The people simply did not understand the place of Putin in politics after his return. The people did not understand why the swap with Medvedev had happened. And as a party we felt we were the strongest, incontestable and we stopped speaking to certain sectors of society. In the elections that followed we lost them completely: the intelligentsia, the middle class and the young. Especially in Moscow.
The Electoral Detonation
They say it is always the authorities that provoke unrest, although they never do it consciously. When managed democracy had begun, it was done in the name of the elite and the middle class, whipped up into fearing the ‘Bolshevik menace’ of 1996, for people who craved stability in Putin, who wanted modernization in Medvedev. The winter 2011–12 election cycle was seen merely as parliamentary and presidential plebiscites to validate Putin’s decision to return. This was not an ‘engineered’ outcome but an autocratic choice. It was not made in the name of elites and the middle class – like in 1996 – but in spite of them and against them. It was a decision that said Putin had become like a tsar, accountable to no one.

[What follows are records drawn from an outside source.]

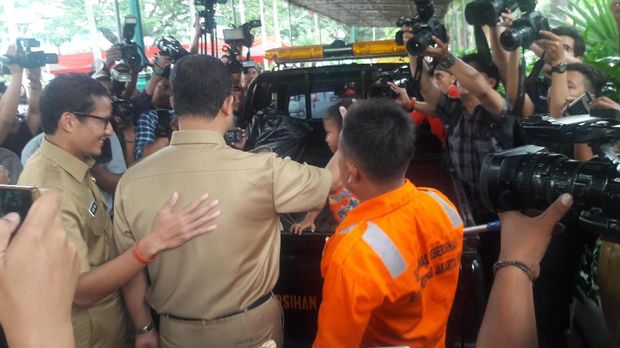 Anies dan Sandi menyapa petugas kebersihan yang sedang membersihkan halaman  Balai Kota.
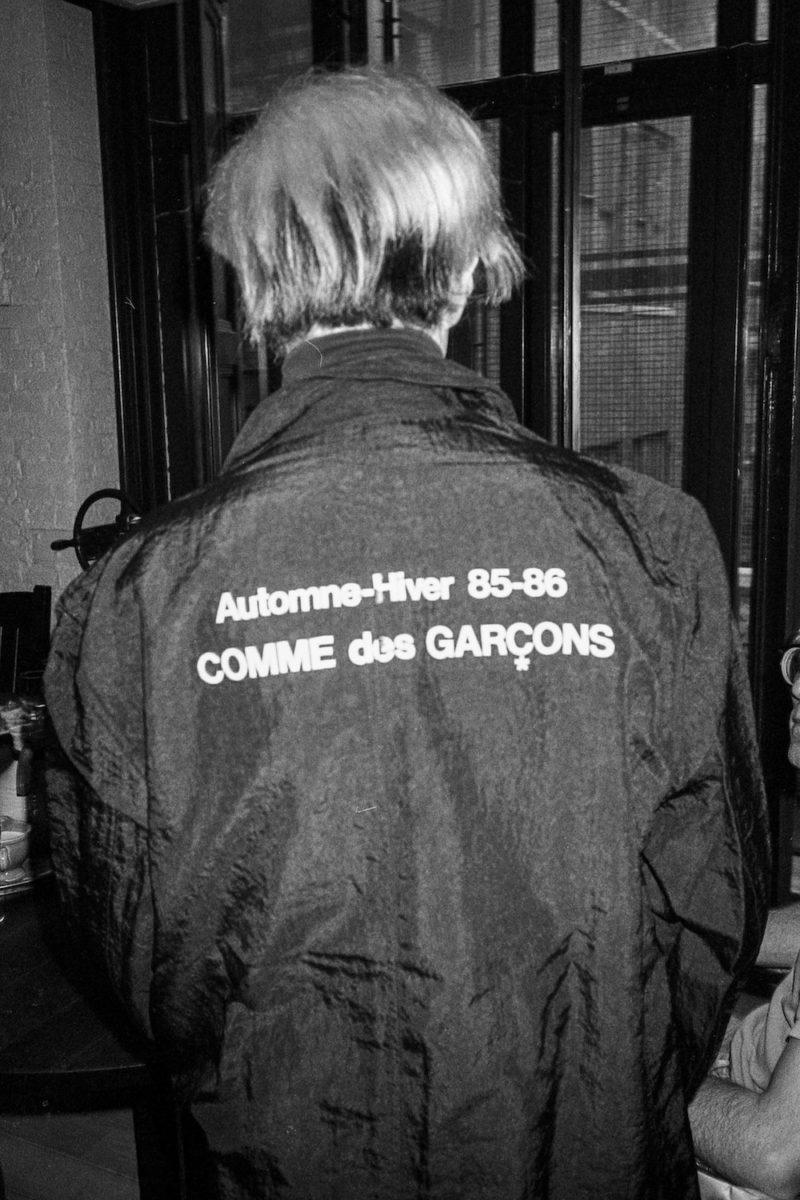 Andy Warhol modeling his new Comme des Garçons jacket at the Con Edison building, New York 1985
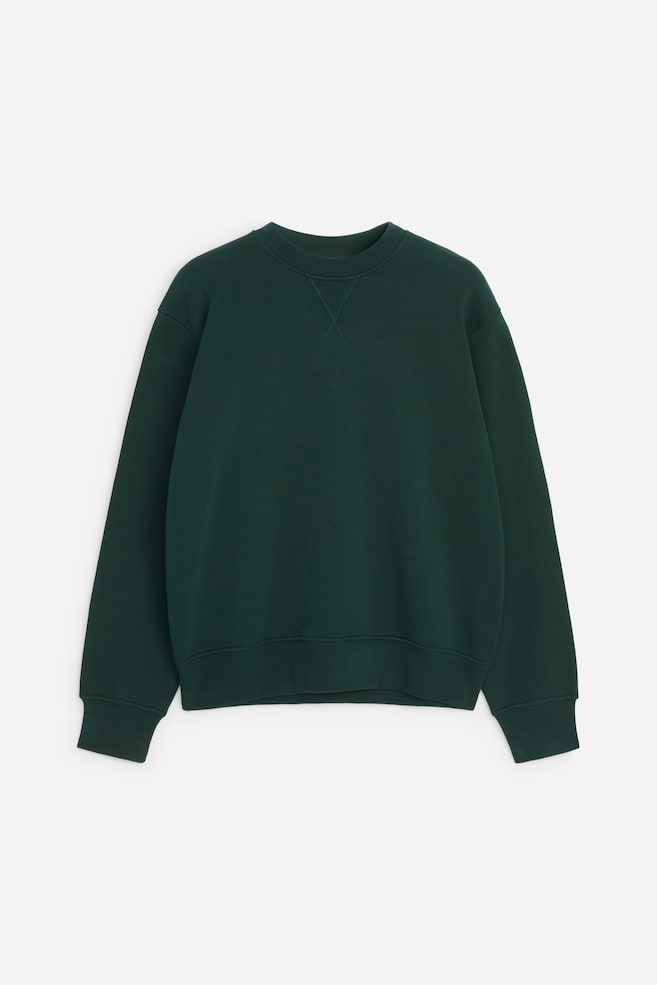 Una felpa girocollo verde scuro è mostrata frontalmente, con il classico inserto a V cucito sulla scollatura. Il capo presenta maniche lunghe con spalle scese, polsini a coste e un orlo a coste coordinato. - 1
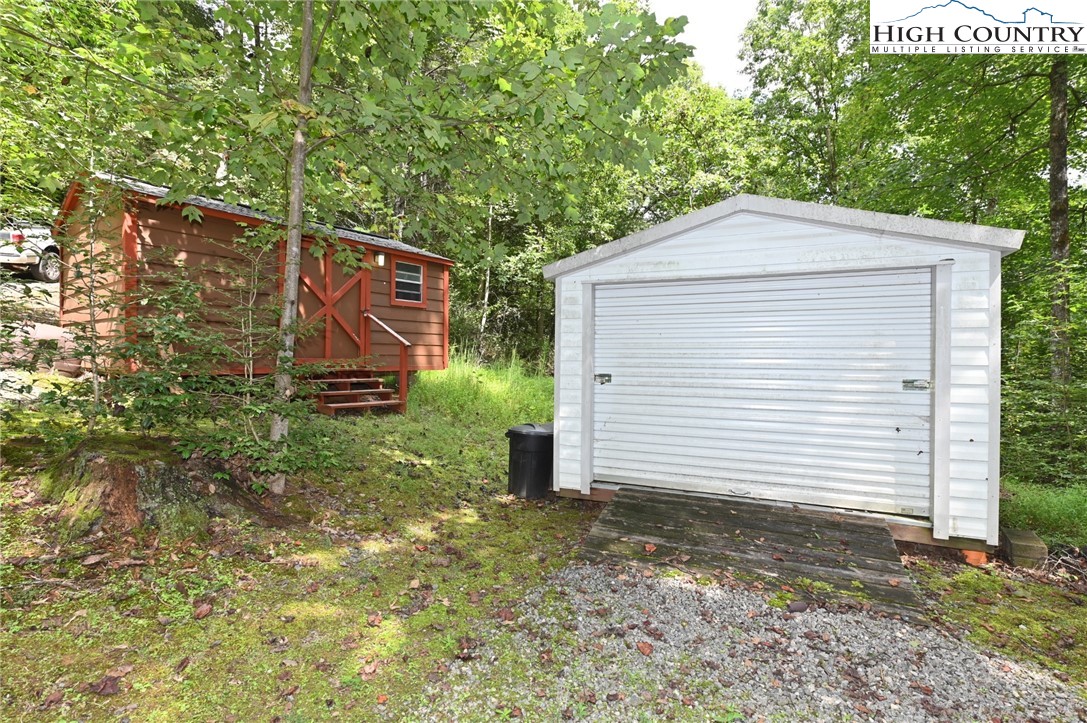 3430-3390 Rose Creek Road Morganton, NC 28655 - Photo 50 of 50 a backyard of a house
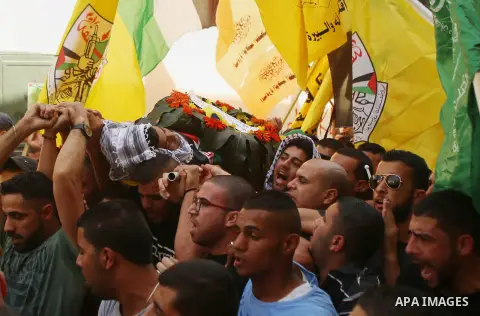 Mourners carry the body of 13-year-old Palestinian boy Ahmed Sharaka, who was killed by Israeli troops during clashes on Sunday after being hit in the head by a plastic-coated metal bullet, during his funeral in Jalazoun...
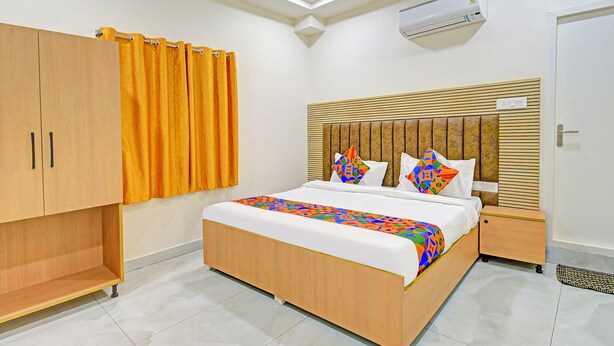 Una habitación de hotel con una cama de madera, un armario, un ventilador de techo y suelo de baldosas.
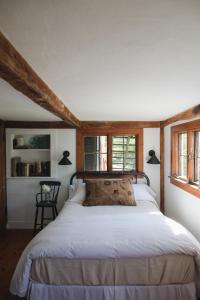 a bedroom with a large white bed with windows at Squire Tarbox Inn in Westport
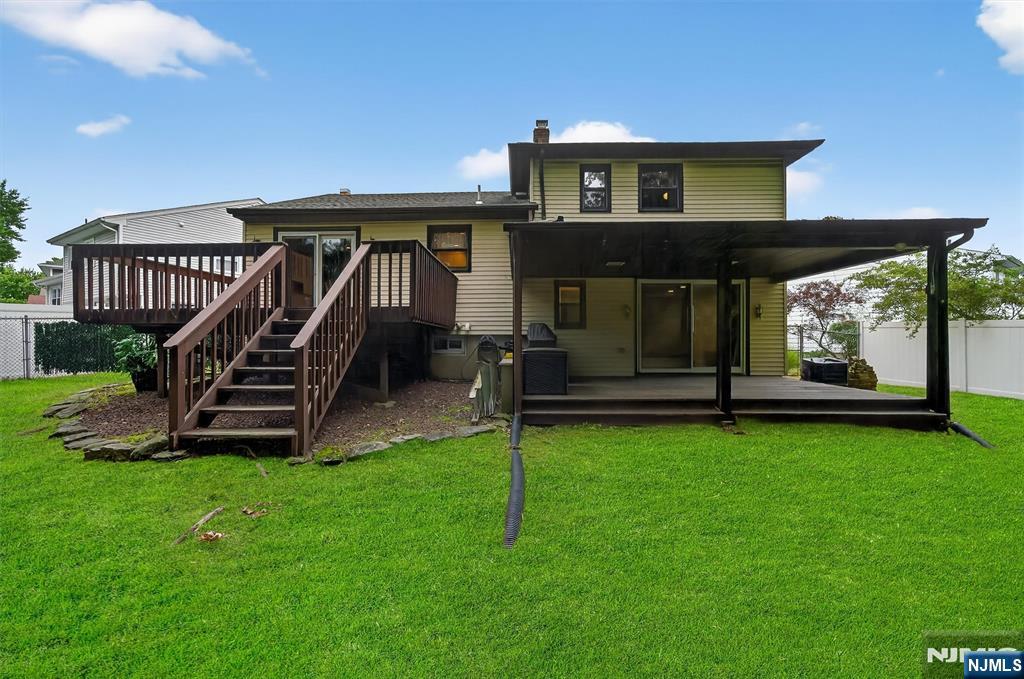 7 Faber Place Nutley, NJ 07110 - Photo 33 of 41 a front view of a house with garden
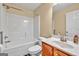 This bathroom has a shower-tub combo with white tile and wood vanity at 3338 Gardenside Walk, Loganville, GA 30052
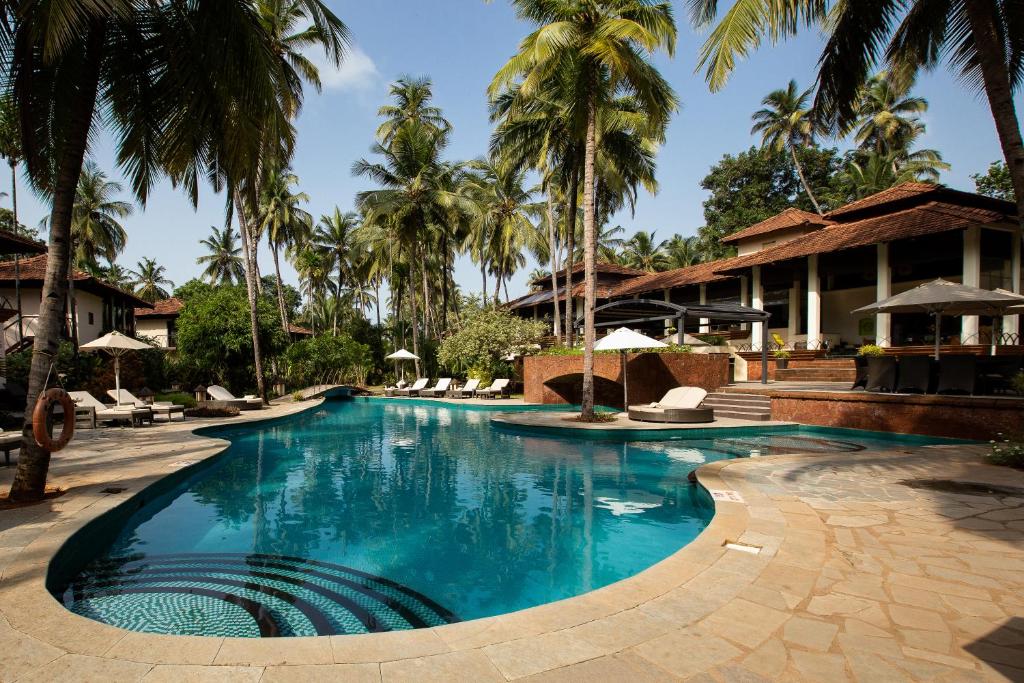 波戈马洛Coconut Creek Resort - Dabolim Airport的棕榈树度假村的游泳池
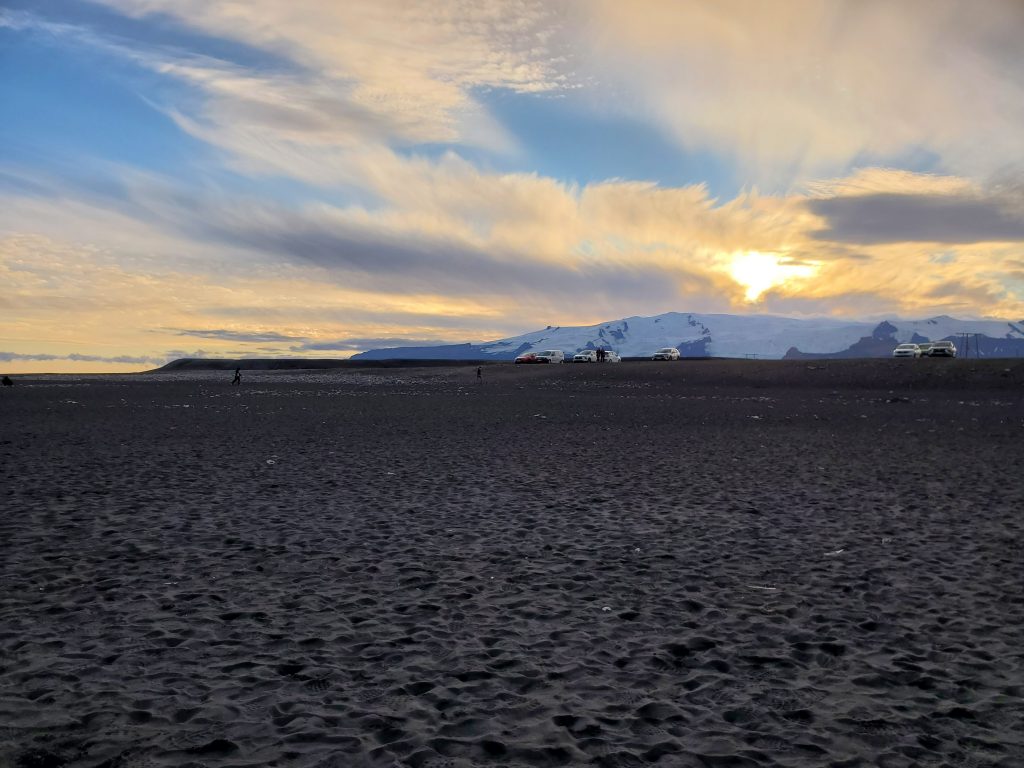 parking lot at top of black sand beach with glacier in the backround and low sun with clouds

The December 2011 parliamentary election was supposed to have delivered a resounding victory for United Russia in order to pave the way for Putin’s return in the March 2012 presidential vote. It was rigged in the following way. To begin with, parties that might have proved popular were not allowed to register and thus participate. Government-controlled TV relentlessly covered the activities of Putin as ‘prime minister’, giving him in his other capacity as chairman of United Russia a vast air-time bias in favour of the governing party. On the ground, several tactics were promoted to boost Kremlin votes. Many students in state dormitories across the country were informed that if they did not vote for United Russia they risked losing their accommodation. Similar encouragements were made to many state employees. At polling stations themselves a technique known as the ‘carousel’ was in full swing. Paid to vote for United Russia – usually cited at around $15 – crowds were shoved onto buses and then delivered from one polling station to another around their locality, voting for Putin’s party again and again.